La commune de Melano (1'000 habitants) compte quatre lupanars Ti-Press

Le marché du sexe tarifé est en plein essor au Tessin. Une tendance qui n'est pas étrangère à la chasse lancée par la police italienne contre les clients de la prostitution. Attirés par une offre en Suisse qui défie toute concurrence, ils passent la frontière.

Monte Ceneri. Une demi-douzaine de maisons closes se succèdent le long des six kilomètres de la route qui relie le nord et le sud du canton. Le va-et-vient incessant des visiteurs témoigne du succès de ces établissements. « Ici, il y a plus bordels que de maisons d’habitation », s’étonne cette jeune recrue bernoise de la caserne du Ceneri.

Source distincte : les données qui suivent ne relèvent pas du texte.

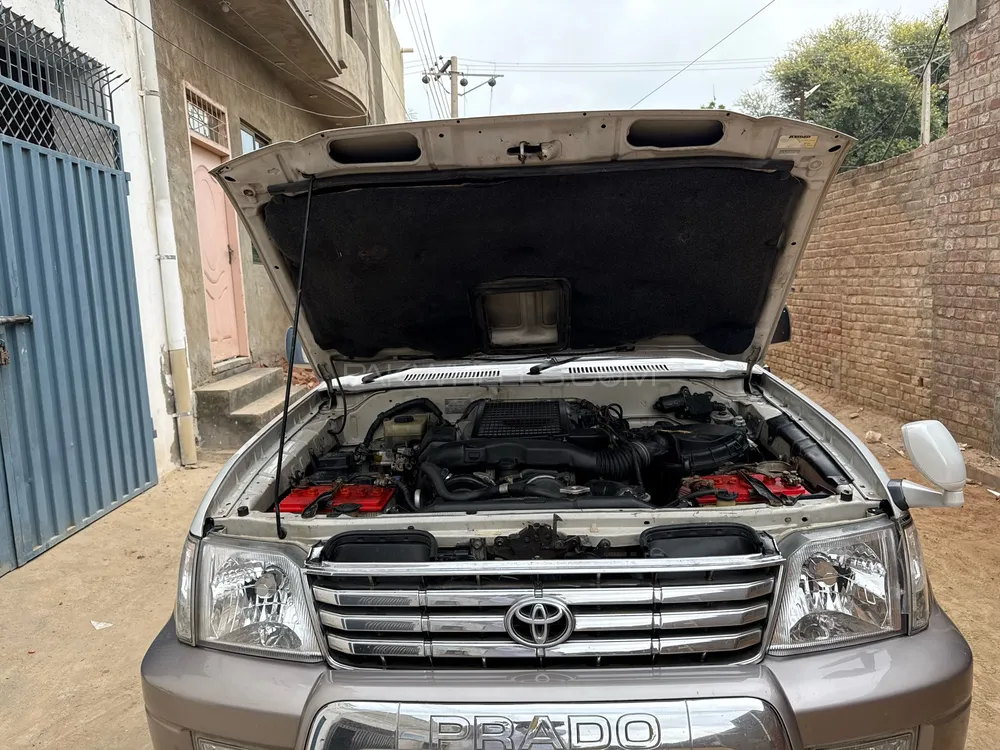 Toyota Prado 2001 for Sale in Okara Image-1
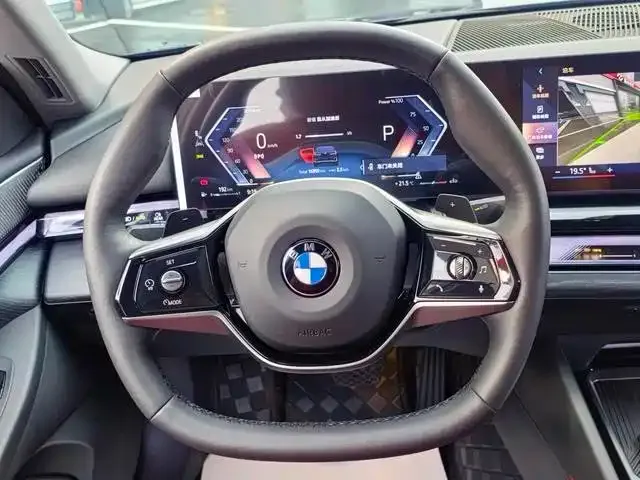 BMW 5 Series — Фото автомобиля 11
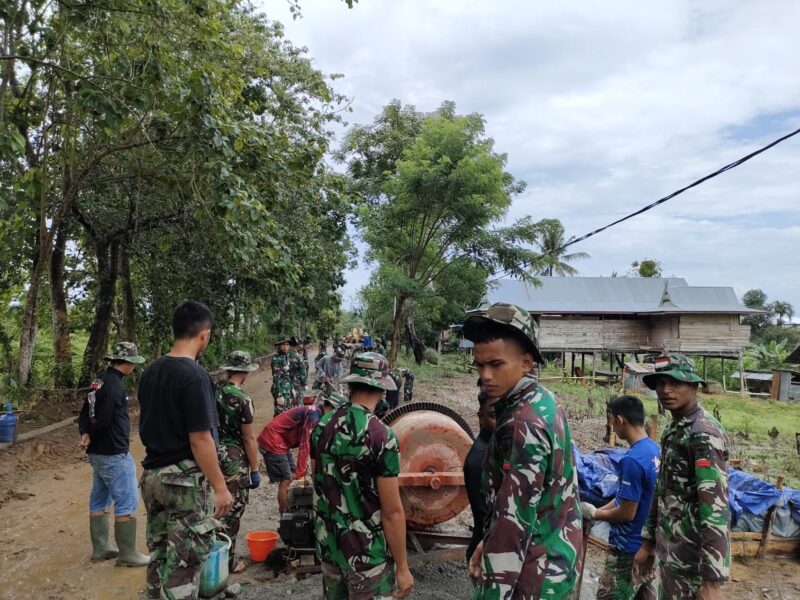 Personil Satgas TMMD ke-113  Kodim 1406/Wajo dengan penuh semangat menyelesaikan pengerjaan sasaran fisik jalan di Desa Abbanuange Kecamatan Maniangpajo Kabupaten Wajo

Hormis quelques soldats et rares habitants de la région, la grande majorité des clients qui fréquentent le coin et les autres lupanars tessinois sont d’origine italienne. Les plaques minéralogiques des nombreux véhicules garés à proximité en témoignent.

Paradis des bordels

Plus au sud, dans la région de Lugano et de Chiasso, la concentration de ces établissements est encore plus forte en certains endroits. A elle seule, la petite commune de Melano (1’000 habitants), en compte quatre.

La proximité de l’autoroute A2, des standards de confort, de sécurité et d’hygiène plutôt satisfaisants, sans parler des prix défiant toute concurrence pour la beauté et la jeunesse des filles qui y travaillent (entre 18 et 25 ans), sont autant d’atouts particulièrement appréciés des frontaliers du sexe.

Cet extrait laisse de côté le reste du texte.